> **AIM OF THE EXERCISE**:
Transcribe each record word for word. Skip the images.

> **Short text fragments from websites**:
----

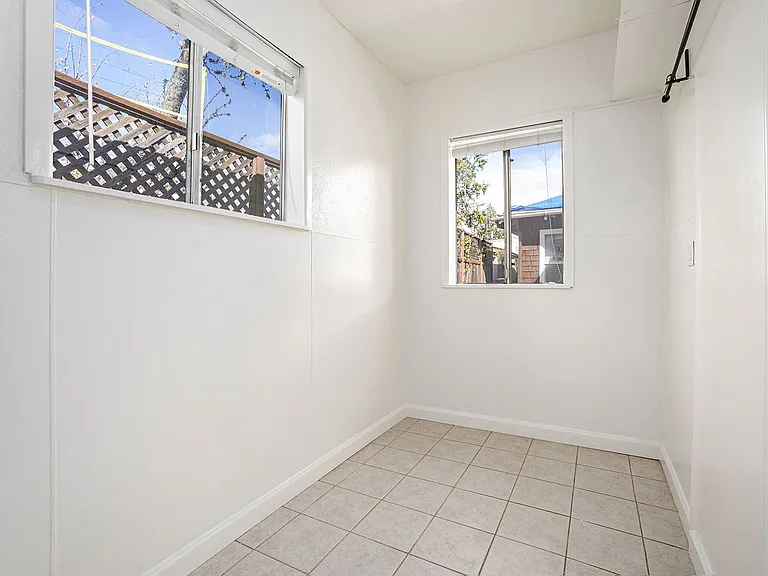 453 Central Ave #C — Photo 8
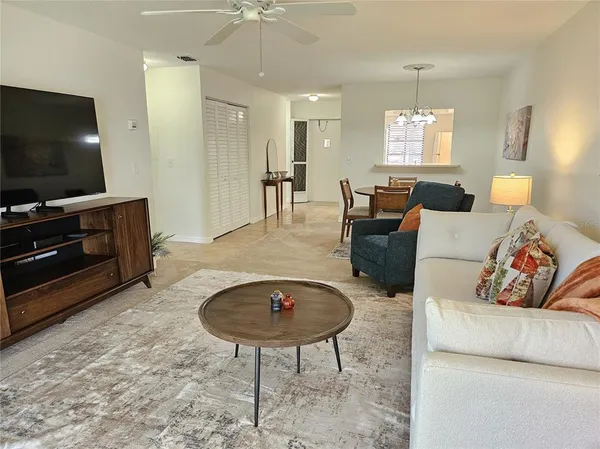 $3,800 | 764 Avenida Estancias, Unit 206, Venice, FL 34292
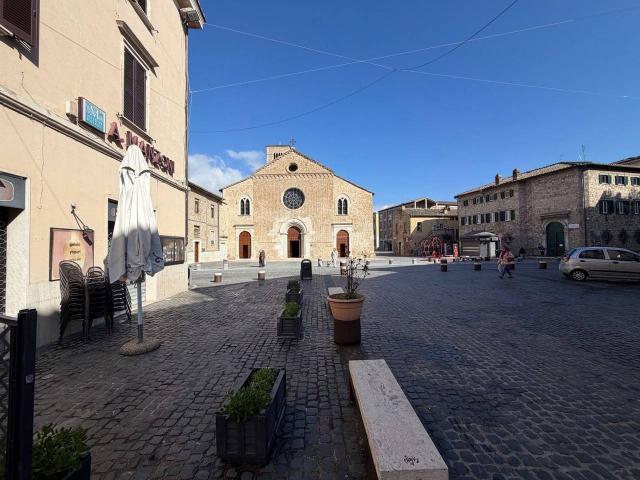Locale Commerciale in affitto a Città Giardino, Terni
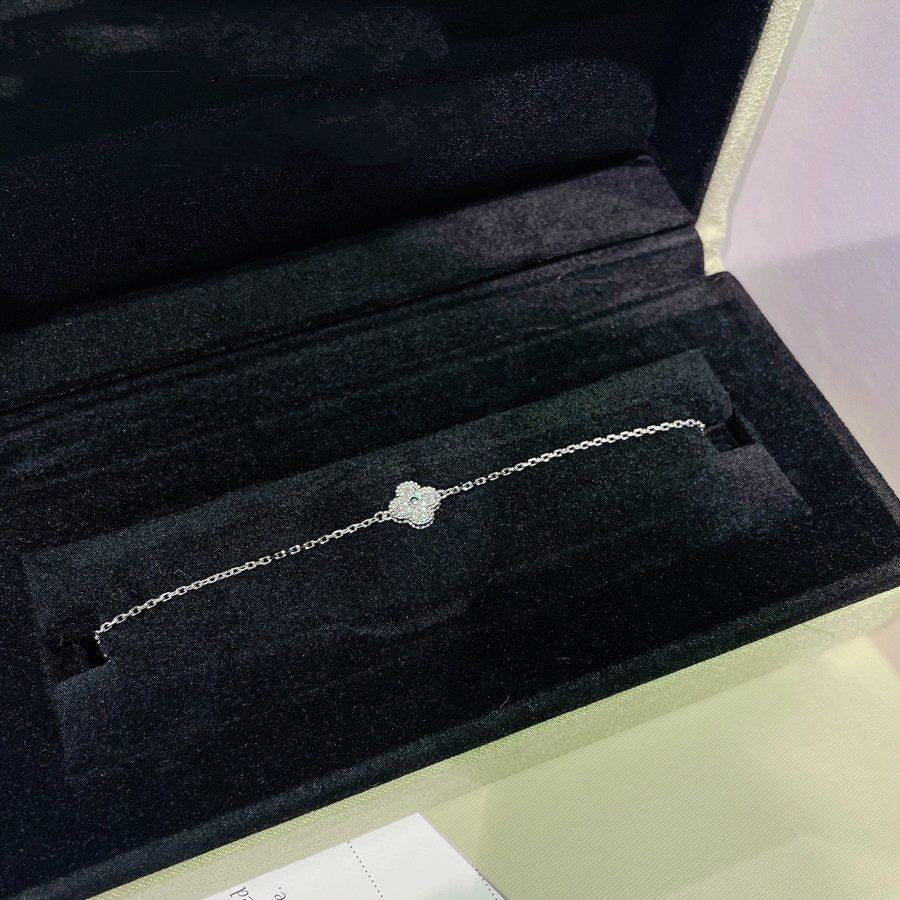 [Solara Jewelry]CLOVER  SINGLE FLOWER BRACELET SILVER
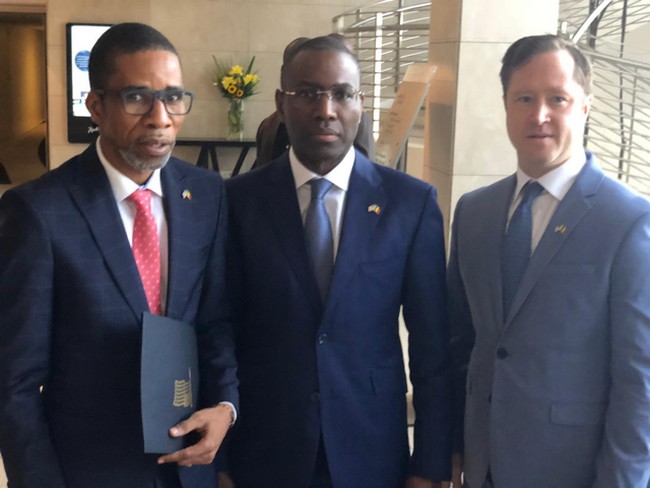 Les dirigeants du Group American  ABD Group JOHN Nevergole et Mohamed KÉÏTA notre compatriote signent une convention de financement avec le Gouvernement du Sénégal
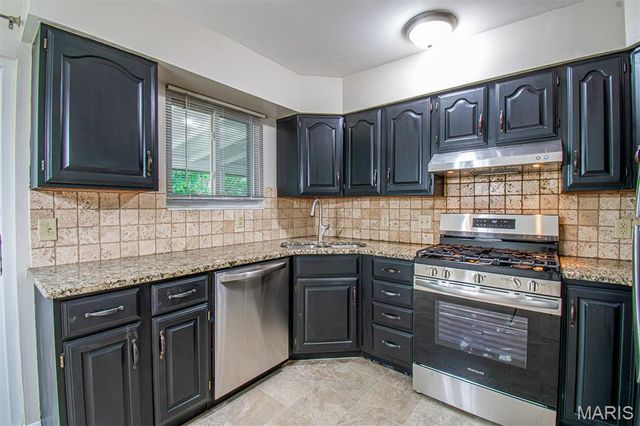 23 LORI Circle, Maryland Heights, MO 63043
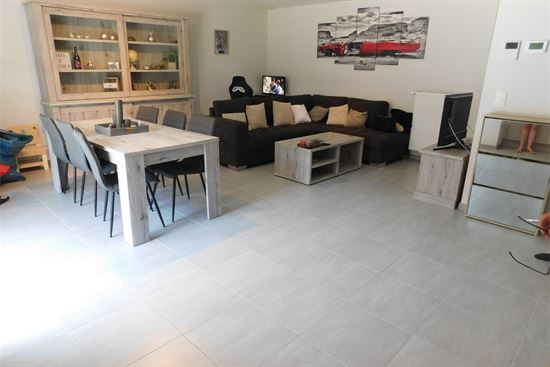 Te huur nieuwbouw appartement, gelijkvloers, 1 slk, lift, carport, fietsen- en kelderberging.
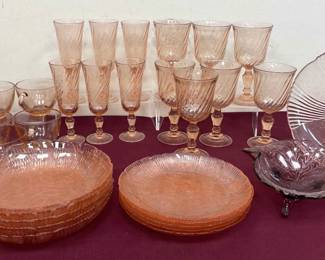 Vtg Arcoroc Floral Crocus Luminarc Rosaline Pink Swirl Collection 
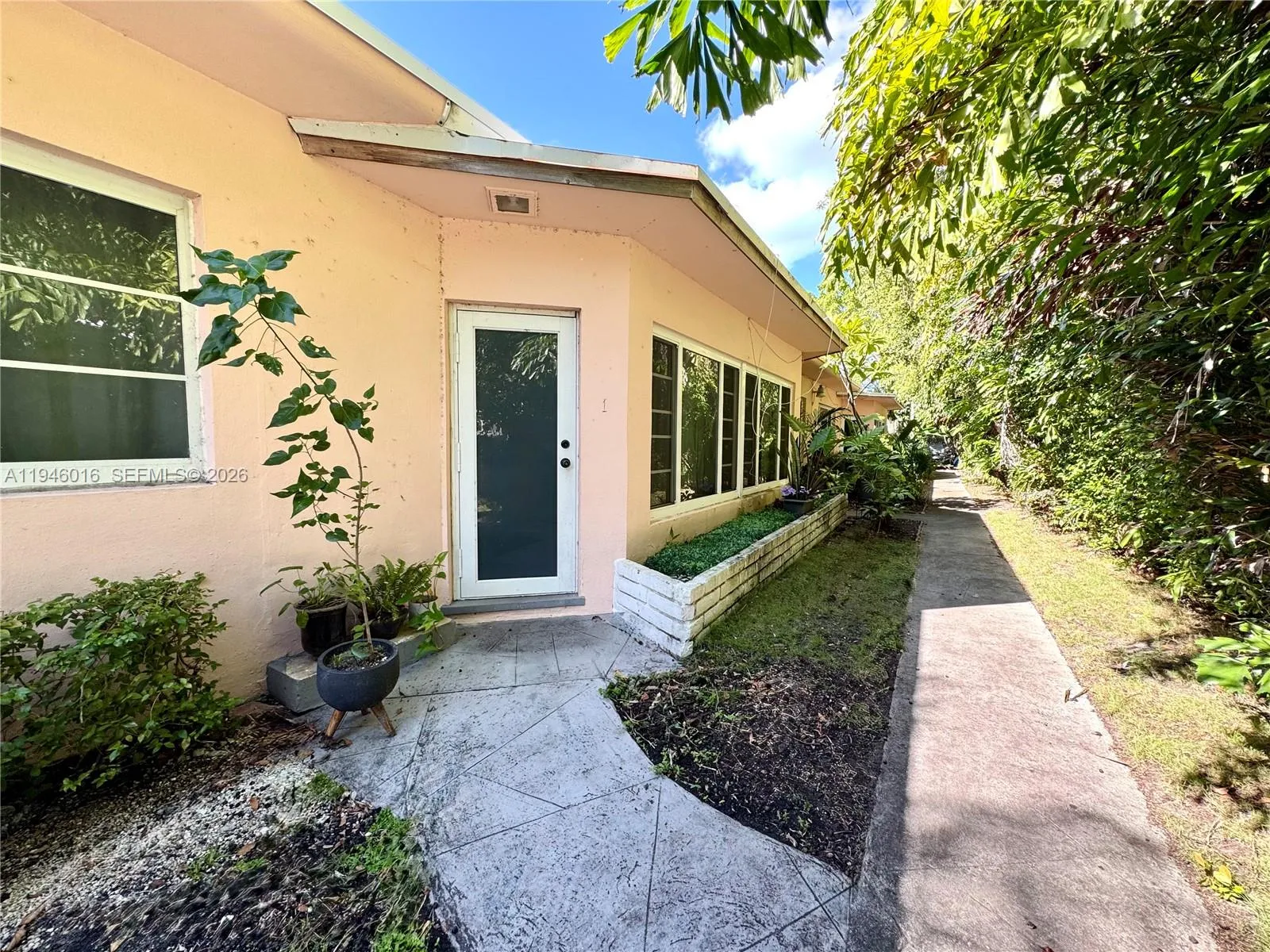 1785 Calais Dr # 5, Miami Beach FL 33141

----

> **COMPLETED TASK**:
 453 Central Ave #C — Photo 8
 $3,800 | 764 Avenida Estancias, Unit 206, Venice, FL 34292
Locale Commerciale in affitto a Città Giardino, Terni
 [Solara Jewelry]CLOVER  SINGLE FLOWER BRACELET SILVER
 Les dirigeants du Group American  ABD Group JOHN Nevergole et Mohamed KÉÏTA notre compatriote signent une convention de financement avec le Gouvernement du Sénégal
 23 LORI Circle, Maryland Heights, MO 63043
 Te huur nieuwbouw appartement, gelijkvloers, 1 slk, lift, carport, fietsen- en kelderberging.
 Vtg Arcoroc Floral Crocus Luminarc Rosaline Pink Swirl Collection 
 1785 Calais Dr # 5, Miami Beach FL 33141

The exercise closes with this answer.